One of the problems with dealing with such beliefs is that the person promoting them has some knowledge that all materials soften as temperature increases, so why shouldn’t their fishing rod? (All materials don’t actually soften, but that’s not for here).  As far as a typical carbon fibre/resin composite goes they’re essentially right, it does soften with temperature – but by how much?

A piece of laboratory equipment I have is a Dynamic Mechanical Analyser (DMA).  This essentially applies an oscillating force to a sample while simultaneously heating (or cooling) it.  The most common set-up is to rest the sample on two supports and have the machine’s probe press down in the middle, this is called a three-point bend (because there’s 3 points of contact).  By ensuring the probe flexes the sample within its elastic response region a measure of stiffness (along with other parameters) can be made upon every oscillation, typically set at 1Hz (1 per second).  Thus by programming the equipment’s furnace to heat or cool, the material’s properties can be assessed over a wide range of temperatures.

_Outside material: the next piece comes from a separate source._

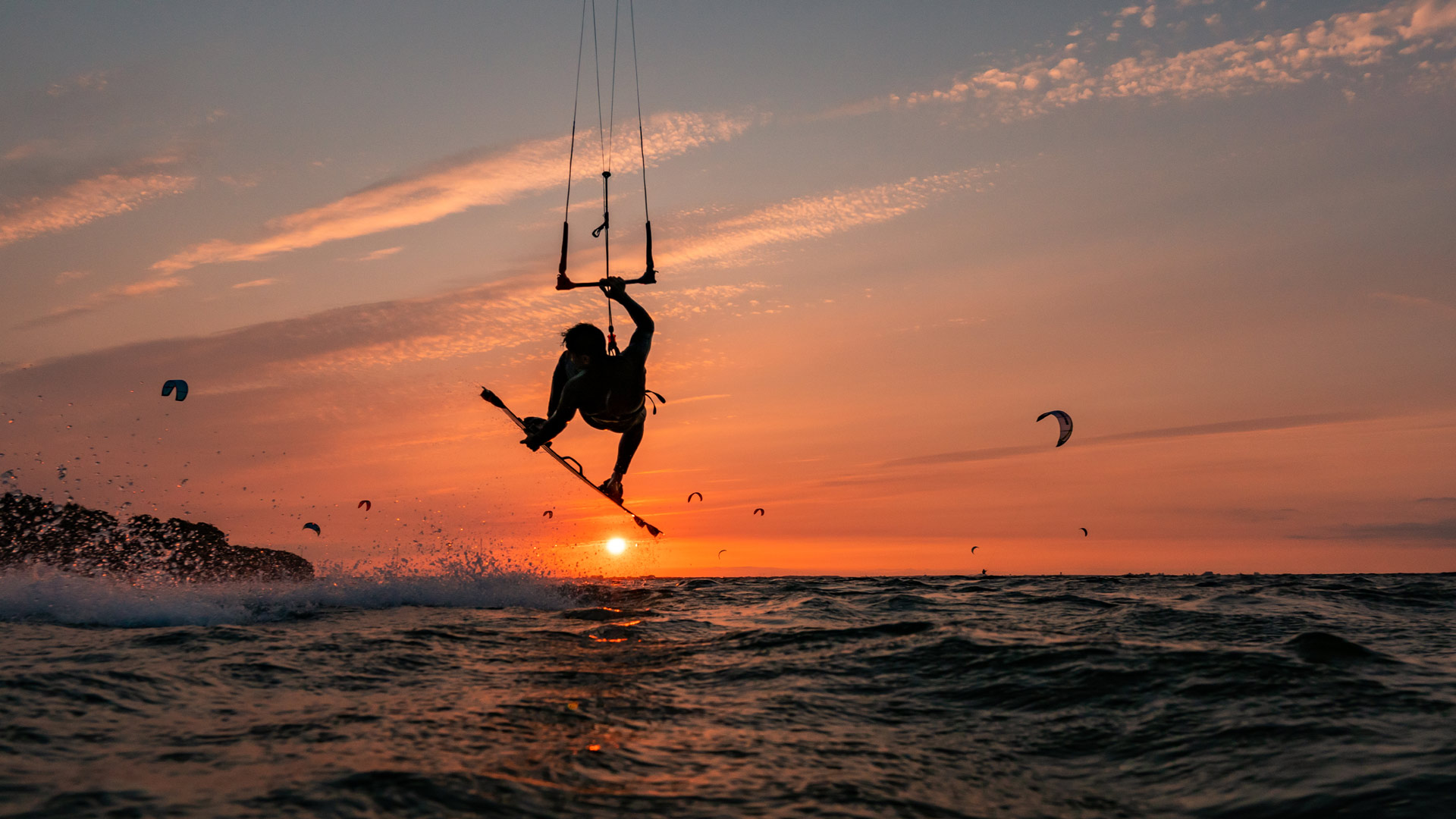Silhouette eines springenden Kitesurfers bei Sonnenuntergang im baltischen Meer (© Jens Breuer/Getty Images) Bing Everyday Wallpaper 2025-08-26, ALjAld [Bing Everyday Wall Paper 2025-08-26] url = http://www.bing.com/th?id=OHR.KitesurferGermany_DE-DE6337370430_1920x1080.jpg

Now a fly-fisher like me can’t have access to a DMA without sticking a piece of fishing rod in it at some time or other, so here are the results:



DMA Pic1  

This chart shows stiffness vertically versus temperature along the horizontal axis.  I chose to perform the test between -20°C and 50°C, the lower temperature being the coldest I could ever imagine anyone wanting to go fishing in (it was -5°C when Tracy and I fished the Dee last time, which wasn’t so bad) and the upper temperature being about the highest air temperature ever recorded.  At first glance it appears that a significant softening has been measured, however it should be pointed out that the chart has been ‘zoomed in’.  Without the zoom the results look like this:



DMA Pic2  

A quick analysis of the data shows that over the extent of a 70°C temperature range the flexural stiffness changes by less than 5%, which equates to ~0.07% per °C.  Now if you can detect that in your casting you truly are more highly tuned than me.  Personally, I think the change in clothing I’d need to cope with the temperature extremes would have far more effect on my loops than the change in rod performance (not to mention the change in the line).